So ve-hi is a pronoun. So what's the antecedent of the ve-hi? So the Netziv suggests that he thinks that the antecedent of the ve-hi is not as is generally assumed the havtachah that Hakadosh Baruch Hu gave us, but it's rather the what Hakadosh Baruch Hu said to Avraham Avinu ידוע תדע כי גר יהיה זרעך בארץ לא להם. That what sustains us is the fact that we're strangers, that we're never fully a part. We have to be we can't be fully a part because we always have to remain apart. We always have to be כי גר יהיה זרעך. And in that context, the Netziv explains as follows:
רצון הקדוש ברוך הוא היה שזרע אברהם יהיו גרים דוקא.

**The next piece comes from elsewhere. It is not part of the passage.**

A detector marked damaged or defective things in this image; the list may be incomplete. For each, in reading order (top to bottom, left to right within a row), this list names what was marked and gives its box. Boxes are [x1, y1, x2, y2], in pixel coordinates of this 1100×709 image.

It's the will of Hakadosh Baruch Hu that the progeny of Avraham Avinu, that we, the Jewish people, should be strangers be-eretz lo lahem. וכפי שאמר יעקב לפרעה לגור בארץ באנו. Right? It's a remarkable thing we say in the Haggadah that וירד יעקב מצרימה ויגר שם במתי מעט, so we quote the Derashat HaSifri that
מלמד שלא ירד יעקב אבינו להשתקע במצרים אלא לגור שם.

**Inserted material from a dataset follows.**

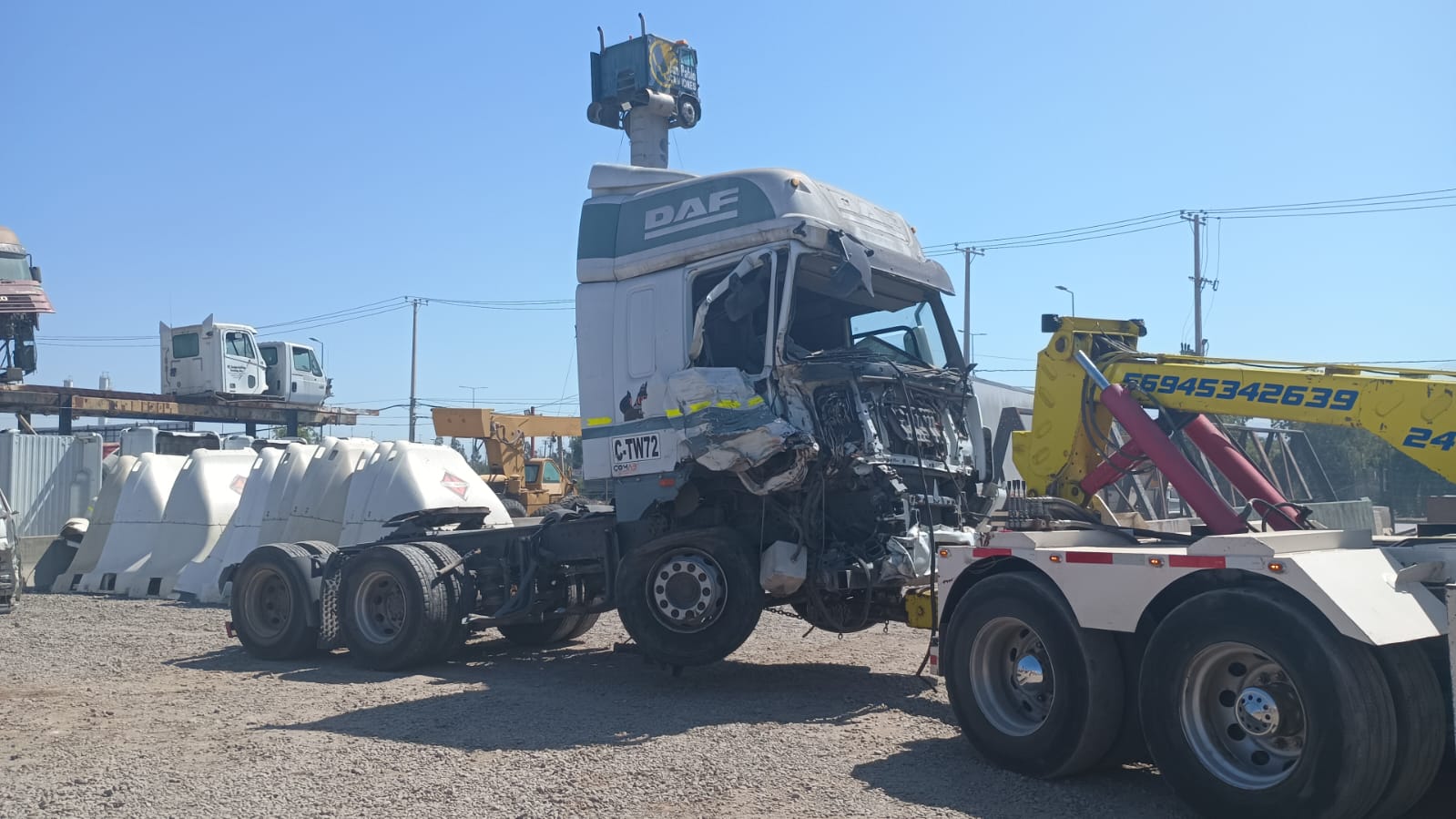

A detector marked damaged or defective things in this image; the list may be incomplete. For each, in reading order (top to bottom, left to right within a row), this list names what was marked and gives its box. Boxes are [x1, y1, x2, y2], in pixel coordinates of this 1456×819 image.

wrecked white semi truck [227, 160, 995, 670]
damaged truck front end [574, 160, 995, 664]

That Yaakov Avinu didn't move to Mitzrayim to settle, lehishtake'a, but rather lagur, to be there as a stranger, as a ger. But Chazal tell us that Hakadosh Baruch Hu had told Yaakov Avinu that he was going to die in Mitzrayim. ואנכי אעלך גם עלה. So Chazal tell us Hakadosh Baruch Hu gave Yaakov Avinu havtachah that you'll be buried in Eretz Yisrael even though you're going to die in Mitzrayim, you'll be buried in Eretz Yisrael. So what do you mean that לא ירד יעקב אבינו להשתקע במצרים? Hakadosh Baruch Hu told him this is the final move of his life. This is the final place he's going to dwell. So what do you mean he's not settling? No. So it's a matter of attitude. A person can live somewhere and a person can even know that he's going to live out. his remaining days in that place, but attitudinally it's lagur ba-aretz banu. Attitudinally, in terms of the person's attitude, he feels himself not a part, but apart. He feels himself separate. That's what Hakadosh Baruch Hu wanted.
וזה היה רצון הקדוש ברוך הוא והבטחתו לאברהם אבינו שיהיו גרים.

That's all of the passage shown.